14 replies to this topic

[bobdark]

public void addEmployee(String name , int idNumber , int age , double salary , String title , String department)
    {
        if(isEmpty())
        {
            first = last = new Employee(name , idNumber , age , salary , title , department);
            return;
        }
        else
        {
            Employee temp = new Employee(name , idNumber , age , salary , title , department);
            last.setNextEmployee(temp);
            last = temp;
        }
    }

[ZekeDragon]

R3.RyozKidz said:

why is a code that can contains two class ..? as i know , after i have compiled it , it will have 2 different .class file .

Jav files may have as many classes as you want to place in them, however they may only have a single public class that is named the same as the file it is in.

R3.RyozKidz said:

why is the code fields are without access modifier (private , public ,protected) ? is java compiler will assume this fields are public ?

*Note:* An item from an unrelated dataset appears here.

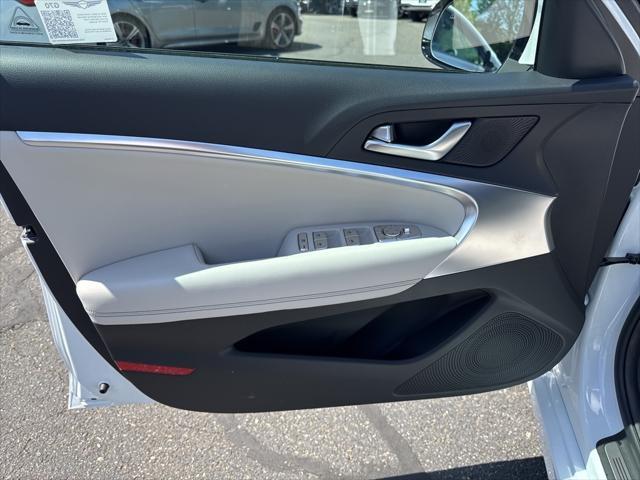 new 2025 Genesis G70 car, priced at $41,600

When you omit the access specifier, that means it is a special type of access called "friendly" access. This means that all objects within the same package as the class have access to that class, however no other classes have access to it.

[bobdark]

Ok regarding what happens there...
1)
a)new employee is created, lets call him x.
b)the 'next' field of the object pointed to by 'last' is set to point to x (everywhere I say points to, I mean holds reference to..., I'm saying 'points' for the sake of simplicity)
c)'last' is set to point to the newly created x.
There are two assignment operations, the right one first, if I'm not wrong it returns the value that the right operand was assigned, like in C. Next, 'last' is assigned the returned value.
Why this code works? Exactly because java uses reference semantics (fix me if I'm wrong, I think this is the way it is called) - the trick is only at point when there is one single object in the list. Because 'first' and 'last' hold reference to the same object,

last.next = new employee

updates the object pointed to by 'first' - that, by the way, what your code did not do, the 'next' field of the object pointed to by 'first' at your code was not updated when you added the second employee, but stayed null, this is why you had only the first employee printed. When your list has 2 or more elements, your code too should work fine.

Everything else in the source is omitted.